For work that high I rent my own lift and bill it to the job. It's NUTS to depend upon others -- especially a SUB for a lift. I've never seen that work out well. Most subs out my way won't even CONSIDER letting 'alien' sub-contractors touch even a rented lift. Their rental contract specifies that THEY are now the liable party -- not the rental firm -- when your boys prove that they have gotten into trouble -- for WHATEVER reason. Hence, you're NOT getting on their lift. PERIOD.


----------



## telsa (May 22, 2015)

BTW, every apprentice I've ever known claims that they know how to use:

A scissor lift
A boom lift
A haul-all (Lull)
A forklift

And they NEVER do. They figure they'd better lie to you lest lose their job. That's backwards logic, straight off. Lying to me is exactly how they DO lose their jobs.

*&^% Most apprentices don't know how to use a pick & shovel. They are comical.


----------



## VELOCI3 (Aug 15, 2019)

I’ve seen a camera guy around here use an articulated lift that’s mounted to a trailer. 

I think united and Sunbelt have bucket truck leasing options yearly. 


Sent from my iPhone using Tapatalk


----------



## splatz (May 23, 2015)

VELOCI3 said:


> I’ve seen a camera guy around here use an articulated lift that’s mounted to a trailer.
> 
> I think united and Sunbelt have bucket truck leasing options yearly.



I occasionally rent a Biljax articulating tow-behind lift where the bucket truck won't fit. It's OK as long as you're working in just a few spots, takes too long to hitch up, tow into place, unhitch and set the outriggers, etc.


----------



## just the cowboy (Sep 4, 2013)

Kevin_Essiambre said:


> Thanks!
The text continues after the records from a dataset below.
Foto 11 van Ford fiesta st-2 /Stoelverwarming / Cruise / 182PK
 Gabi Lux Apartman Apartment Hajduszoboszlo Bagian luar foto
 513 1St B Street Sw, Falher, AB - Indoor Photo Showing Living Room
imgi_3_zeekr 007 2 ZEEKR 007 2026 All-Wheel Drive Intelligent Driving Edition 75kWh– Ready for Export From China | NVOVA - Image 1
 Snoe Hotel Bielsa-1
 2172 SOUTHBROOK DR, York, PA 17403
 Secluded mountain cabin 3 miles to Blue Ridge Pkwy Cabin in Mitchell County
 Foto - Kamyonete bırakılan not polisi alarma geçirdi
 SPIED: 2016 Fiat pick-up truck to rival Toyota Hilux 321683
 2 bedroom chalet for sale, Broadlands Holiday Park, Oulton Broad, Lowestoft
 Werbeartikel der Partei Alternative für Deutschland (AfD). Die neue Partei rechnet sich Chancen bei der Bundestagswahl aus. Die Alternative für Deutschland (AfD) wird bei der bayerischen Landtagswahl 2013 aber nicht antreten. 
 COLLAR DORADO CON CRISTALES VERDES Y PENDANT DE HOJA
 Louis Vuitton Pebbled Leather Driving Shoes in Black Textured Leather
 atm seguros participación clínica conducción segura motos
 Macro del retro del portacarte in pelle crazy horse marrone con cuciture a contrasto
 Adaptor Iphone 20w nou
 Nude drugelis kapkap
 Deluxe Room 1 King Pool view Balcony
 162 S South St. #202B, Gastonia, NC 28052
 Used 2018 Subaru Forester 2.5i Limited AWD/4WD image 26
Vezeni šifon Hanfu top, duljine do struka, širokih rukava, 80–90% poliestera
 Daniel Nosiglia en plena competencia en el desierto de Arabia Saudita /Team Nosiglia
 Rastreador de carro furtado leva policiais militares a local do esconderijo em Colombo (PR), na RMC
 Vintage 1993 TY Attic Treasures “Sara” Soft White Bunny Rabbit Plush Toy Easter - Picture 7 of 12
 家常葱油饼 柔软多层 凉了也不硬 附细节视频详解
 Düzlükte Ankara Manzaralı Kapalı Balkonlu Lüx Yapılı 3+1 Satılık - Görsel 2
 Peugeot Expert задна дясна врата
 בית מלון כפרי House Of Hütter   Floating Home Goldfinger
If the site was actually clean, I'd have jumped off the ladder, but in this case, I took my chances holding onto the ladder and fence when I was low enough.


You made the right choice. I was taught if you are on the ladder stay on the ladder, it may bind or catch on something and stop your fall. If you jump off you are going to hit bottom for sure.


----------